Naval Diplomat fellow traveler CDR Salamander is shooing away wacko birds this week. Foremost among these feathered fiends is Congressman Randy Forbes, chairman of the Seapower Subcommittee of the U.S. House of Representatives. Sal is exercised at the news that Representative Forbes wrote to General Ray Odierno, the U.S. Army chief of staff, inquiring whether ground-pounders plan to procure anti-ship missiles for forward deployment to the Western Pacific.

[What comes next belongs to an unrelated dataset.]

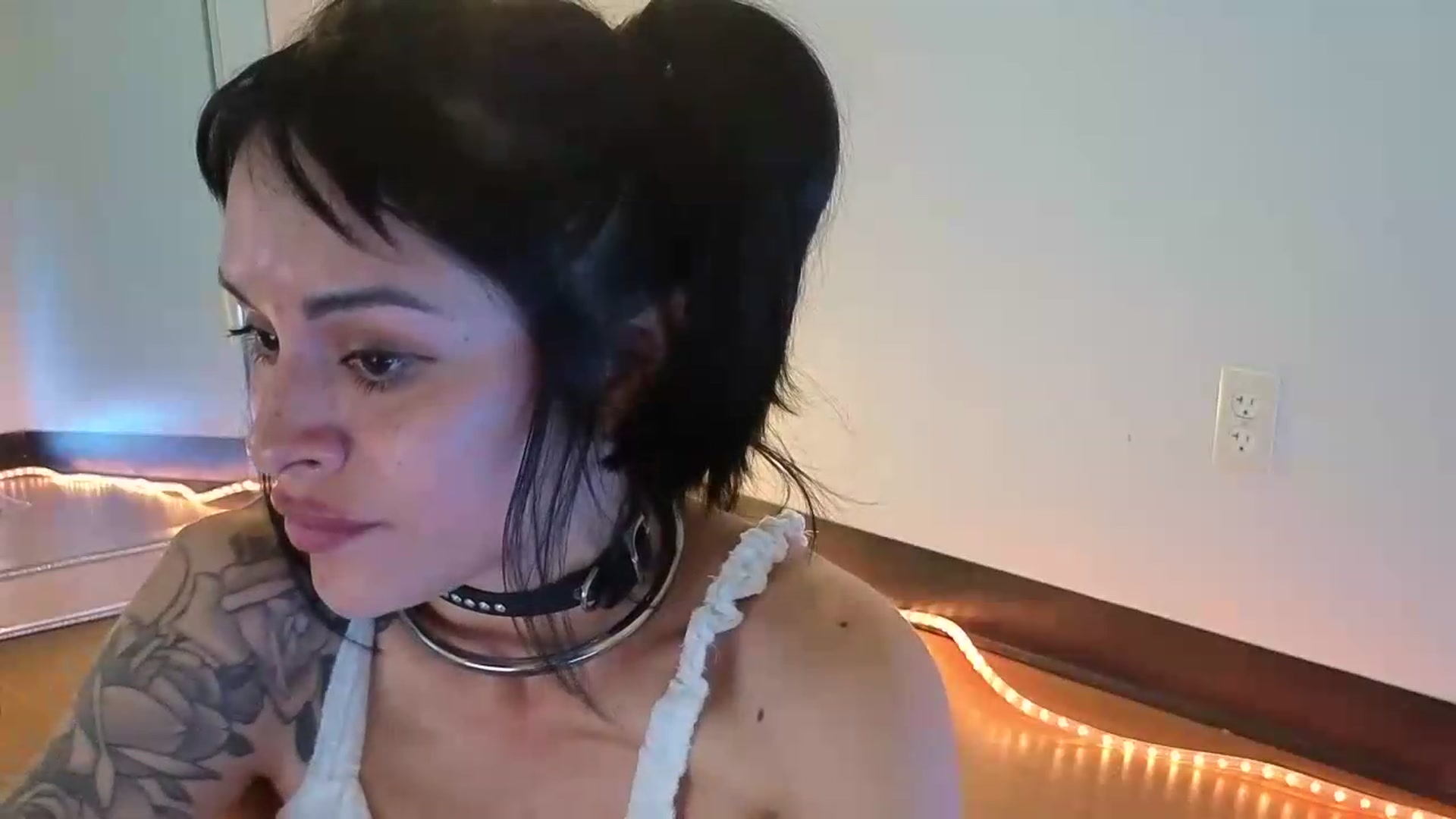 Gallery image thumbnail from nella's myfreecams stream on, 05/24/2026, 18:11 image 10 of 20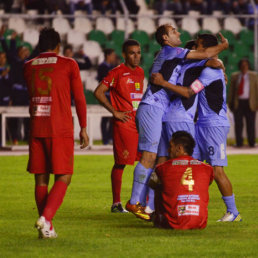 Una de las seis celebraciones de los jugadores acadmicos anoche, en La Paz.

Prithee, let Odierno’s answer be yes. Sal takes Forbes to task for contemplating placing fixed defenses along North American coastlines, in a throwback to the bad old days of the 19th century. Great as they were, founders like Thomas Jefferson thought forts and coastal gunnery were enough to safeguard U.S. maritime interests. The belief that seagoing commerce can be protected on the cheap was rudely debunked during the War of 1812. Or should have been. Despite some rousing tactical successes in the early stages of that half-forgotten war, Great Britain’s Royal Navy smothered American commerce by the end. British men-of-war imposed an unbreakable blockade. A battle fleet is the republic’s stoutest — forward, and mobile — rampart.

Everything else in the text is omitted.